Step 2: Thus, to have $\psi = -\gamma$, where the negative indicates opposite direction s.t. $\gamma$ is the line segment in the direction from $i+2$ to $-i-1$, we do $\gamma(a+b-t)=:-\gamma(t)=\psi(t)$, where $a=-1,b=2$.
Step 3 Solving for $\gamma(t)$, we get $\psi(a+b-t)=\gamma(t)$. Hence, $\gamma(t)=[1-t,\frac{2(1-t)-1}{3}]$, $\gamma:[-1,2] \to \mathbb R^2$ (or $\mathbb C$).

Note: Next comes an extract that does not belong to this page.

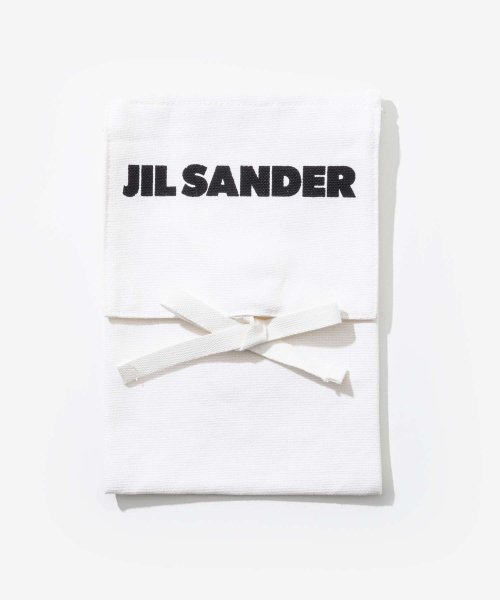 Jil Sander(ジル・サンダー)/ジルサンダー JIL SANDER J26UA0002 P6009 小銭入れ FOLDED COIN W/ STRAP メンズ レディース ストラップ コインケ/img09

Step 4: Therefore, $\int_{\gamma}x^2+y^2 dz$
$$= \int_{-1}^2 ((1-t)^2+(\frac{2(1-t)-1}{3})^2) [(-1)+i(-\frac23)]dt$$
$$ = \int_{-1}^2 ((1-t)^2+(\frac{2(1-t)-1}{3})^2) [(-1)]dt$$
$$+i \int_{-1}^2 ((1-t)^2+(\frac{2(1-t)-1}{3})^2) [(-\frac23)]dt$$
$$=...\text{(easy to check wolfram. see below)}$$
$$= -4+i(\frac{-8}{3})$$
Wolfram: real part. imaginary part.
Question 2. Btw $x^2+y^2 = |z|^2$ right?